No quick fix . . . but there is a fix

[This value-packed gem was originally posted in 2012.]

Schools and businesses share the goal of developing human potential, but educators are often exasperated by “business thinking.”

The way to produce more high school graduates who are college-ready is to hold teachers’ feet to the fire and run schools more like a business, business leaders say. It’s not that easy, educators say.

No national speaker frames this debate better than Jamie Vollmer.

Vollmer is a super cool businessman. (No kidding. He ran the ice cream company once voted best in America by People Magazine.) Vollmer was a founding member and executive director of Iowa Business and Education Roundtable, which sought to improve schools by injecting business practices – until an English teacher pointed out why a manufacturing approach is the wrong model . . .

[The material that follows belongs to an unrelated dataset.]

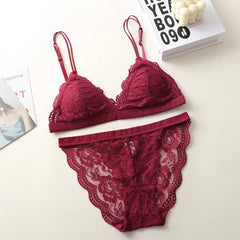 Women Lace Bra And Panties Set Floral Lace Bralette Embroidery Lace Underwear Set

Vollmer still believes schools need to change, but not because of sub-par teaching. It’s our system of education that’s obsolete, he said. It was designed for an industrial America that no longer exists.

When I interviewed Vollmer in 2012, he chuckled as he recalled that many of the buddies he graduated from high school with in the 1960s never aspired to college, even though they would have been considered “college material” today.

“They didn’t need college,” Vollmer said. Seventy-seven percent of jobs required no post-secondary academic training.

“That economy’s gone,” Vollmer said. “Today, only 13 percent of jobs that pay a decent wage are unskilled labor. And, if you listen to what’s being told to us, soon it’ll be just 6 percent. Clearly, the nation cannot afford a dropout rate. This economy has almost no place for them.”

Sorry, there’s no quick fix for changing schools

“It’s impossible to impact student achievement without changing the culture of a community, and that’s why it’s so darn hard,” Vollmer said. “Focusing on things like instruction, assessment, and the school calendar, in and of themselves, won’t get at the root of the problem.”

He says he’s witnessed educators’ valiant efforts to improve everything in a school district’s domain. In the end, the only thing that ultimately changes is the nameplate on the superintendent’s office.

“As long as a community’s response to change is, ‘That’s not the way we do it here,’ making progress doesn’t have a prayer,” Vollmer said.

His book, Schools Cannot Do It Alone, is a primer for subtle but effective ways to build the community support for schools that will make real and lasting change possible.

Expectations multiply but school calendars can’t keep up

It’s time communities get a wake-up call, Vollmer says. Expectations of schools have multiplied, but the school day and school calendar haven’t expanded.

As the median age in America climbs, the percentage of households in a community with school-aged children shrinks. Vollmer counts himself among the Baby Boomers who, based on his own experiences, held an antiquated view of what school is like.

Reaching those people requires pulling together a cadre of school staff (teachers to bus drivers) to “map” places in the community where people congregate. Schools then need to strategically send volunteers to these places with well-crafted talking points.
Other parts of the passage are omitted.